Blogger harness disse...

este governo é uma vergonha. aliás, complemento, estes governos têm sido uma vergonha incrível

"The more things a man is ashamed of, the more respectable he is." (george bernard shaw) -> o que diz muito desta cáfila

domingo, junho 13, 2010  
Anonymous Anónimo disse...

Sim, eu culpado me confesso. Mas o meu voto ele não caça mais!

domingo, junho 13, 2010  
Blogger Isabel disse...

Luís

Cada um escolhe o lado de que tem vistas mais do seu agrado - uns e os outros.

Harness

sempre me espanta, e não me parece que diga bem de quem o faz, a facilidade com que alguns apelidam os outros de "cáfila", cambada etc

segunda-feira, junho 14, 2010  
Blogger harness disse...

cara isabel,

nunca reflecti sobre a facilidade ou não em apelidar "os outros" de cáfila. mas, e confiando na sua asserção, plenamente de acordo: felizmente a última vez que usei essa expressão data de novembro de 1987.

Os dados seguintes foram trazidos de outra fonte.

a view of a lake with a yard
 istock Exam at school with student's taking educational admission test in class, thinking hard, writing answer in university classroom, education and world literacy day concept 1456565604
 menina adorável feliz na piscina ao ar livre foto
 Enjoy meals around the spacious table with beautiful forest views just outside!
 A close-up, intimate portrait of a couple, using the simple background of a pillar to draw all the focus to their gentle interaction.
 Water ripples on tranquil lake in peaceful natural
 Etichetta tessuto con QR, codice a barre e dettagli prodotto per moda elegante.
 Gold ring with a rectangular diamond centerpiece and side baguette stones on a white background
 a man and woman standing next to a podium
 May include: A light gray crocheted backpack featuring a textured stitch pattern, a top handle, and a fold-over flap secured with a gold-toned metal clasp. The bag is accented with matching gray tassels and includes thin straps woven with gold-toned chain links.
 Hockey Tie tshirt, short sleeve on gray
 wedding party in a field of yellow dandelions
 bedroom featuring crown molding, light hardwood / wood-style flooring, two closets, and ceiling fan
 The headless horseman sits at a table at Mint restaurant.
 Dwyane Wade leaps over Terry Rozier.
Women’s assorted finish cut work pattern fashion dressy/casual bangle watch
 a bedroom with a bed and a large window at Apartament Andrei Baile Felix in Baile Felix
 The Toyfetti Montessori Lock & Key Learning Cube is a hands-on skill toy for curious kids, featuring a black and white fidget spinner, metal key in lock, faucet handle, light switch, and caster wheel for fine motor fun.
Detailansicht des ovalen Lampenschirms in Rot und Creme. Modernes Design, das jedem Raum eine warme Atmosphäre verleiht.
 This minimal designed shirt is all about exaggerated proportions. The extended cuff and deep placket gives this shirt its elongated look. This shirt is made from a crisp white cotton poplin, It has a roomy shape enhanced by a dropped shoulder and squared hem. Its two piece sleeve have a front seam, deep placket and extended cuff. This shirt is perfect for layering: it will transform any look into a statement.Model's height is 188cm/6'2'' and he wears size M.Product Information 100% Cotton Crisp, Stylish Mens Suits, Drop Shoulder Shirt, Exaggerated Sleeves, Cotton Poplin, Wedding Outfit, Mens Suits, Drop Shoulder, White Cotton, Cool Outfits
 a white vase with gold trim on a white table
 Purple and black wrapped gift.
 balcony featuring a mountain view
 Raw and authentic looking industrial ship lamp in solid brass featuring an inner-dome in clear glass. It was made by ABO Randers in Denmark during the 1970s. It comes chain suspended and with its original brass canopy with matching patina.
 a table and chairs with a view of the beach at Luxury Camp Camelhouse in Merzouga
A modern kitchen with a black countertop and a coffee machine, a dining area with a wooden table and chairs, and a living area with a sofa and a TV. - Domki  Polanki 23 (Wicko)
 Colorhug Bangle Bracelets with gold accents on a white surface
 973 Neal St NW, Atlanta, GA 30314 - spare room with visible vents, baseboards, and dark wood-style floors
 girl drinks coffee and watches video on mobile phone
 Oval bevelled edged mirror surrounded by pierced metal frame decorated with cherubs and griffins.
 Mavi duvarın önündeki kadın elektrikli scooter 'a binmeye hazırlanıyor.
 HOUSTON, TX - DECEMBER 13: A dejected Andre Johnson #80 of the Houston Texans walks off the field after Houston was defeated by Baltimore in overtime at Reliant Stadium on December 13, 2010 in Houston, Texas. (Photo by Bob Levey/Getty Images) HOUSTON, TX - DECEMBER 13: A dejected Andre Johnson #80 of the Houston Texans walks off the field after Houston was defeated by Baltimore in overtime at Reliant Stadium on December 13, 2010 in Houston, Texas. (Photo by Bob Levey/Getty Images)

quanto à caracterização em si, repare: sem querer ofender (e na minha opinião, embora julgue estar fundamentada em factos e, mais relevante, na realidade objectiva) há mais de trinta anos que a acção dos sucessivos governos se pode caracterizar alegoricamente como um deserto. não um deserto de ideias, porque ideias e reformas têm tido muitas, mas um deserto porque tudo o que seja progresso ((com particular enfoque no direito ao trabalho com direitos), tudo o que seja indústria, tudo o que seja cultura, às mãos destes senhores é reduzido a pó, a areia.

aparentemente a grande maioria de nós vem vivendo pior, de dia para dia. menos eles (e "amigos"). e quem é que vive bem no deserto?

os camelos.

segunda-feira, junho 14, 2010  
Blogger Luís disse...

Isabel, eu gostava que me dissesses: li o relatório e a minha opinião é esta. Eu respeitaria a tua opinião. E gostava que me desses a tua opinião sobre o amigo do Sócrates, o Vara, E sobre o Primeiro dos Socialistas de Coimbra. O representante dos socialistas no Parlamento.
Eu não subscrevo a designação de harness. Sabes como me identifico com os outros animais e, olhando do meu lado, os camelos me despertam ternura e os donos de camelos urticária.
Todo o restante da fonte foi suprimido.